Managing the reverse travel of your product back into the supply chain can help you avoid making the same mistake twice and allow you to reutilize as many components of your product as possible.
Monitoring the Flow of Reverse Logistics in Your Supply Chain
There are four key supply chain analytics that can help you understand the flow of returned products entering your supply chain. They are as follows:
1. Volume. Are the same items being returned over and over? Is this happening in large volumes? Answer yes to either of these questions and you’ve probably got a larger problem than just a few faulty units. You may need to consider a recall or an overhaul of your production process.
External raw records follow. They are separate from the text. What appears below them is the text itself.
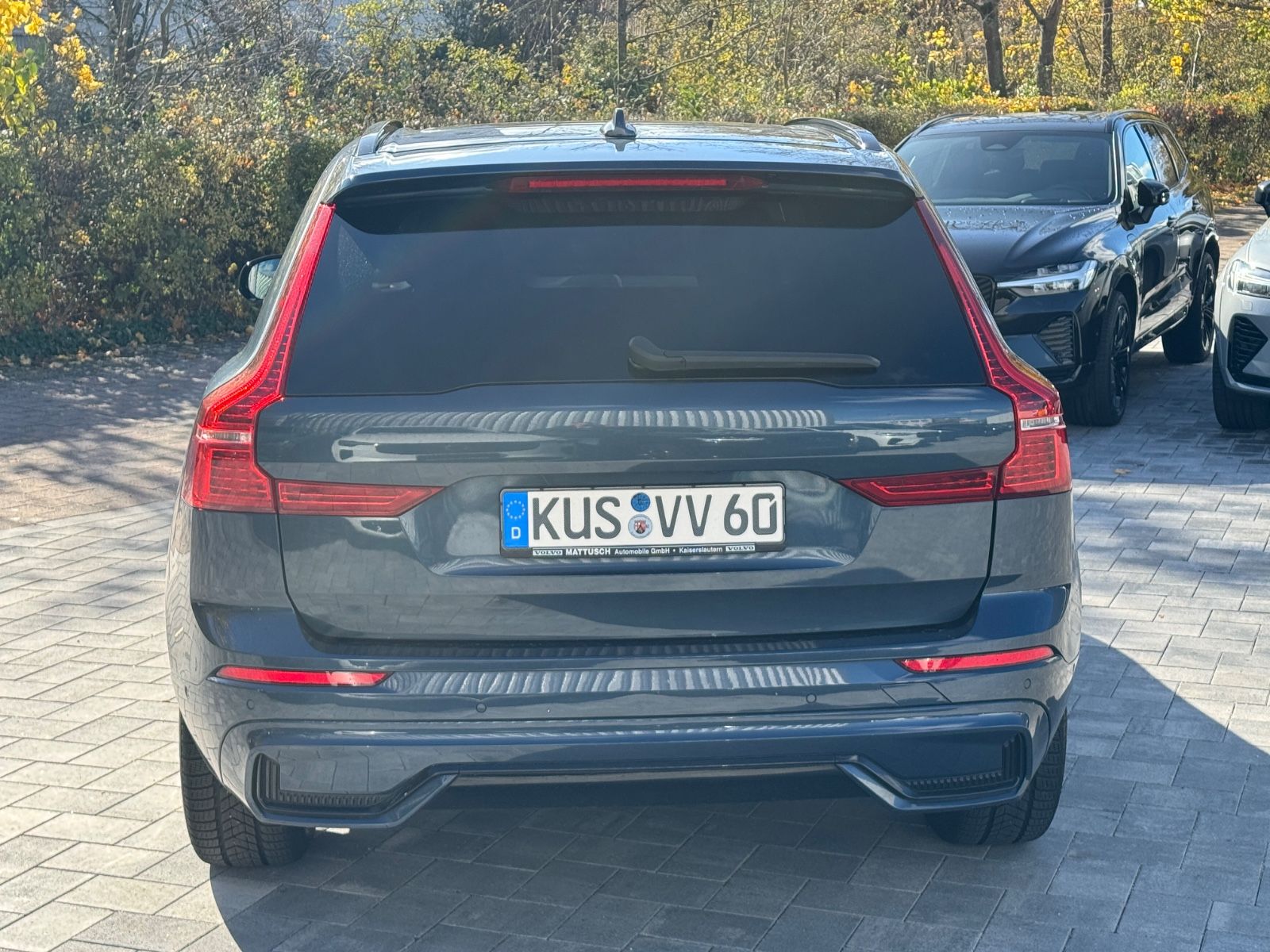 Volvo XC60 B4 PLUS DARK +PANO+GOOGLE+AHK+STANDHZG+1.HD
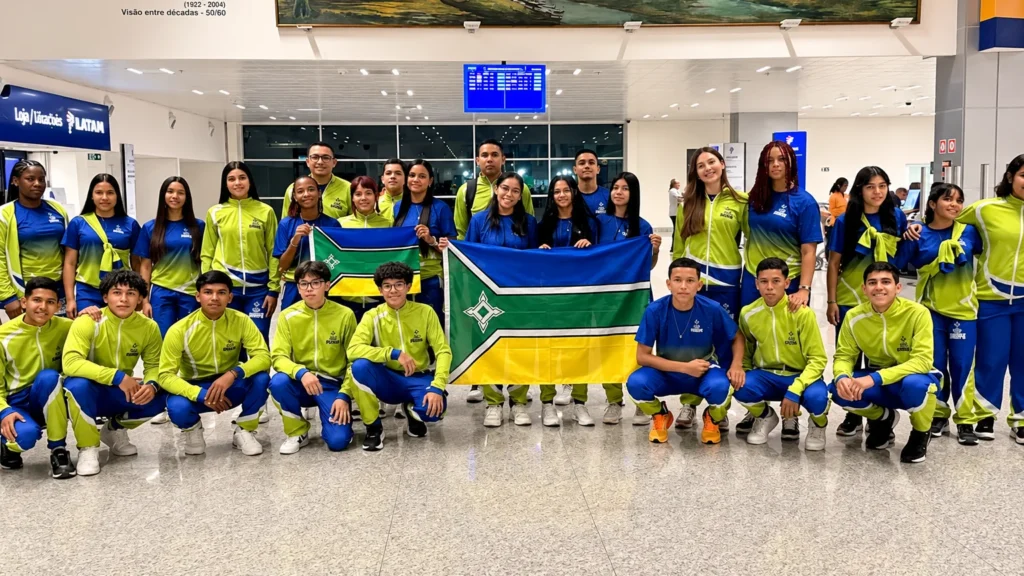 Time Amapá viaja para os Jogos da Juventude em Foz do Iguaçu com 168 atletas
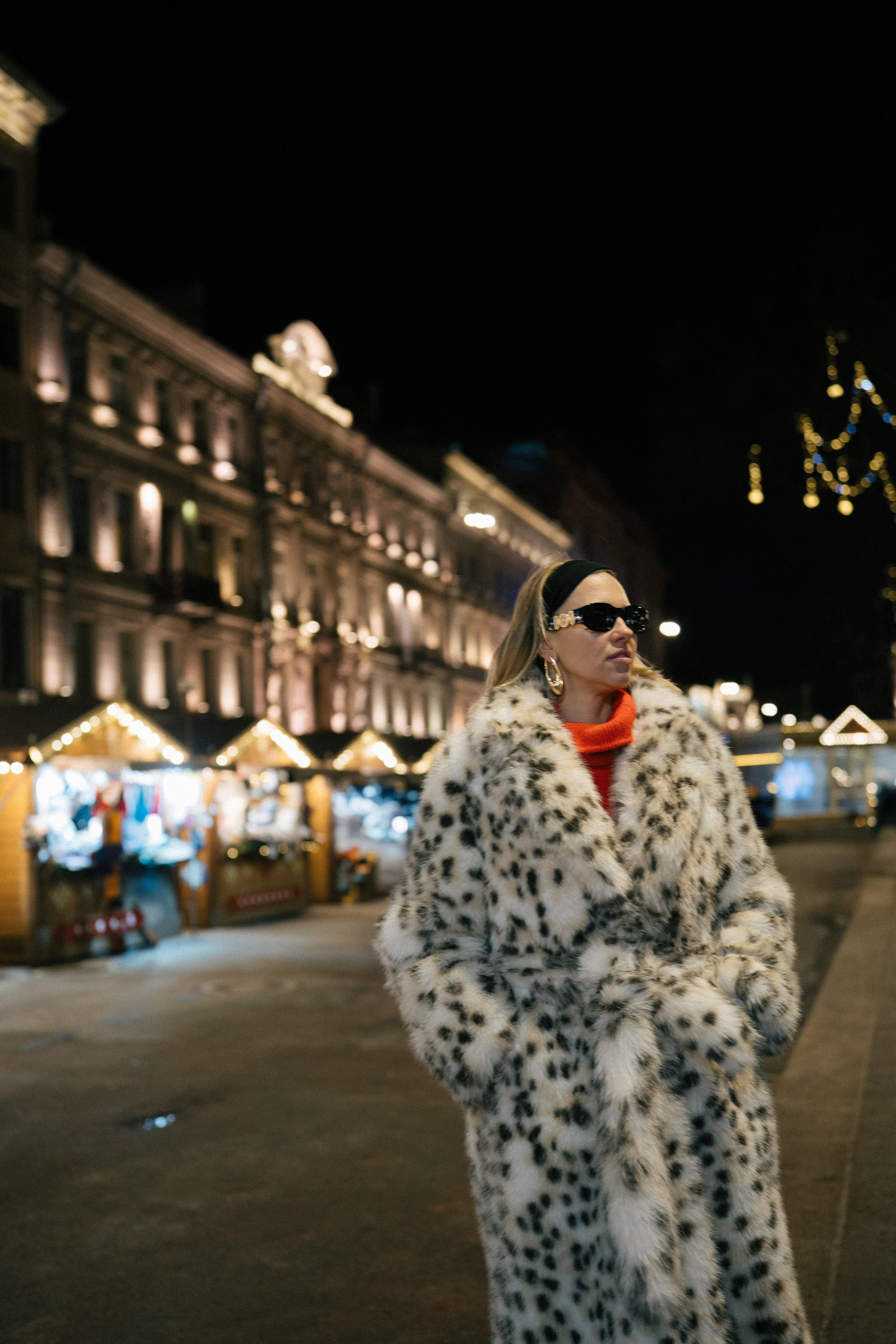 ПРОГУЛКА НА МАНЕЖНОЙ ПЛОЩАДИ ДЛЯ ДЕВУШКИ ПЕРЕД НОВЫМ ГОДОМ (НОВОГОДНЯЯ ФОТОСЕССИИЯ НА МАНЕЖНОЙ ПЛОЩАДИ). Профессиональный фотограф, Санкт-Петербург — Виктория Богомолова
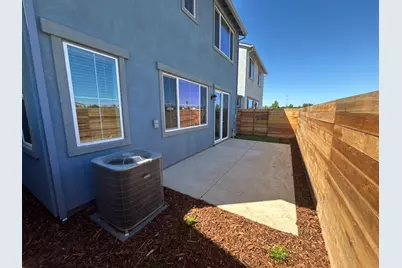 8461 Viborg Lane, Elk Grove, CA 95758 - Photo 11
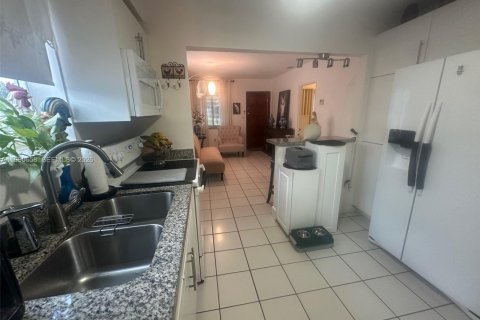 Casa en venta en Miami, Florida, 4 dormitorios, 184.41 m2 № 2056902 - foto 10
2. Percent of Sales. What percentage of your sales are lost to product returns? And how many of these products can be reincorporated into your supply chain via reverse logistics? According to a study by the Aberdeen Group, the average manufacturing company will spend 9% - 15% of total revenue on the returns process. What can you do to minimize these losses of revenue? How can you turn a profit on a loose?
3. Condition the Product is Returned In. Is the product failing after a specific operation? Can you determine any patterns of failure among the returned product? This is where quality assurance (QA) and error reproduction are important. You want to figure out what went wrong so you can adapt and correct the problem before it happens again.
4. Financial Value. Without monitoring and managing your reverse logistics, your company could be losing millions of dollars in potential value. Consider failed electronics that are returned to their manufacturer. According to “Recovering Lost Profits by Improving Reverse Logistics,” electronics sold in secondary-markets “represent an estimated $15 billion (sold) in the United States.” These electronic companies manage to turn product failure into new profits by utilizing reverse logistics.
The Benefits of an Efficient Reverse Logistics Systems
While many companies consider the return process to be a necessary evil that shouldn’t be noticed, companies that implement an effective reverse logistics workflow can reap several benefits.
Some of these benefits are:
- Reduced costs. By planning ahead for returns and making the return order right, you can reduce related costs (administration, shipping, transportation, tech support, QA, etc.)
- Faster service. This refers to the original shipping of goods and the return / reimbursement of goods. Quickly refunding or replacing goods can help restore a customer’s faith in a brand.
- Customer retention. Dealing with errors is just as important as making sales. If a customer had a bad experience with your product, you have to make it right. Fulfilment blunders can create educational opportunities. Learn how to keep your customers happy and engaged with your company - even after you’ve made a mistake.
- Reduced losses and unplanned profits. Recover the loss of investment in your failed product by fixing and restocking the unit, scrapping it for parts, or repurposing it in a secondary market. With a good reverse logistics program in place, you don’t have to leave money on the table. Take a product that would otherwise just cost your company money and turn it into an unforeseen asset.